Helen Castor has an exhilarating narrative gift… I think readers will love this book
– Hilary Mantel
Helen Castor has long been fascinated by the exercise of power: how rulers rule and why people obey them. And in the Middle Ages – the period in which Dr Castor specializes – power was inherently and inescapably male. That, at least, was the theory. In practice, however, the political waters were muddied twice over: first, by the principle of heredity, which risked bestowing the right to rule on daughters as well as on sons; and, second, by the sheer calibre of some of the women sidelined by these formal structures of power. For behind the masculine façade of government, mothers and wives could exert an irresistible influence on the policies of kings and nobles. And an exceptional woman in exceptional circumstances might do much more than that. It’s a scenario that resonates deeply, even now, at a distance of more than half a millennium. In formal terms, our aspirations are very different: that ability, not inheritance or gender, should determine participation in public life. But the experience of a woman confronted by barriers, spoken or unspoken, that her male counterpart doesn’t face is as immediately recognizable in twenty-first-century boardrooms and council chambers as it is in twelfth-century courts and castles.
The seven extraordinary women who ruled England during the five hundred years between the Conquest and the end of the sixteenth century were: Matilda, Eleanor of Aquitaine, Isabella of France, Margaret of Anjou, Jane Grey, and the Tudor queens Mary and Elizabeth. Dr Castor’s intention in telling their compelling story is not, however, to pursue such contemporary parallels in explicit terms. Rather, the aim is evoke the vanished worlds of these seven charismatic women in a compelling combination of the personal and the political, of private and public lives. And to explore these lives is to realize just how far we’ve come, and yet how little has changed.

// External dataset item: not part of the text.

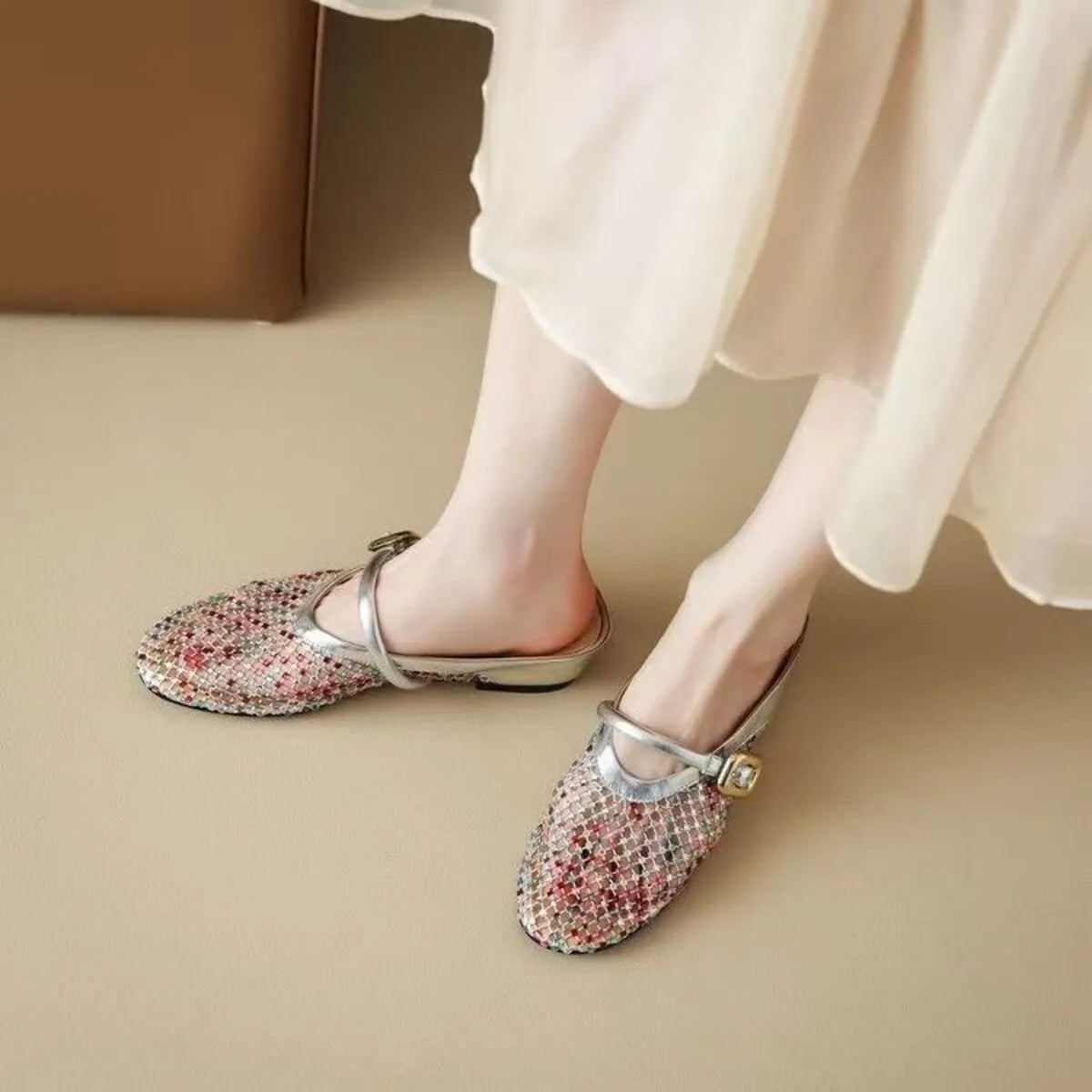 Hollow Out Wedge Sandal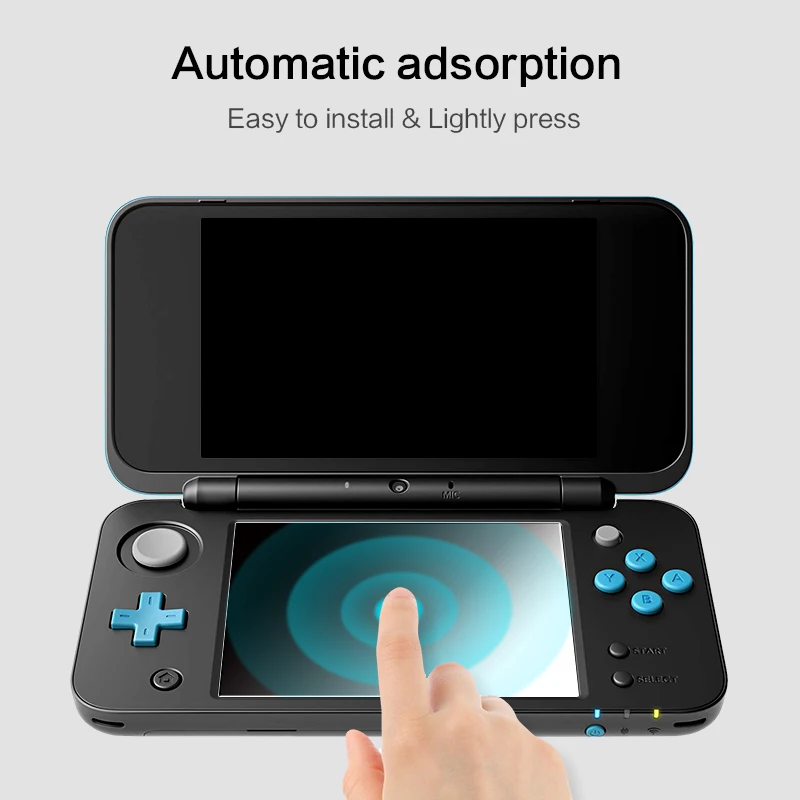 Защитная пленка из закаленного стекла DATA FROG 2 шт. для Nintendo New 2DS XL/LL|Защита экрана| |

Helen Castor is a Fellow in History at Sidney Sussex College, Cambridge, who also writes reviews and features for the Sunday Times, the Sunday Telegraph and the Guardian. She spent ten years working on the Paston letters, the subject of her first book, BLOOD AND ROSES, which won the Beatrice White Prize in 2006 for outstanding scholarly work in the field of English Literature. More recently, she published SHE WOLVES, a popular history book on the women who ruled England before Elizabeth I, which has received widespread critical acclaim.
She also recently wrote and presented several episodes for BBC Radio 4’s Making History series. She lives in London with her husband and son.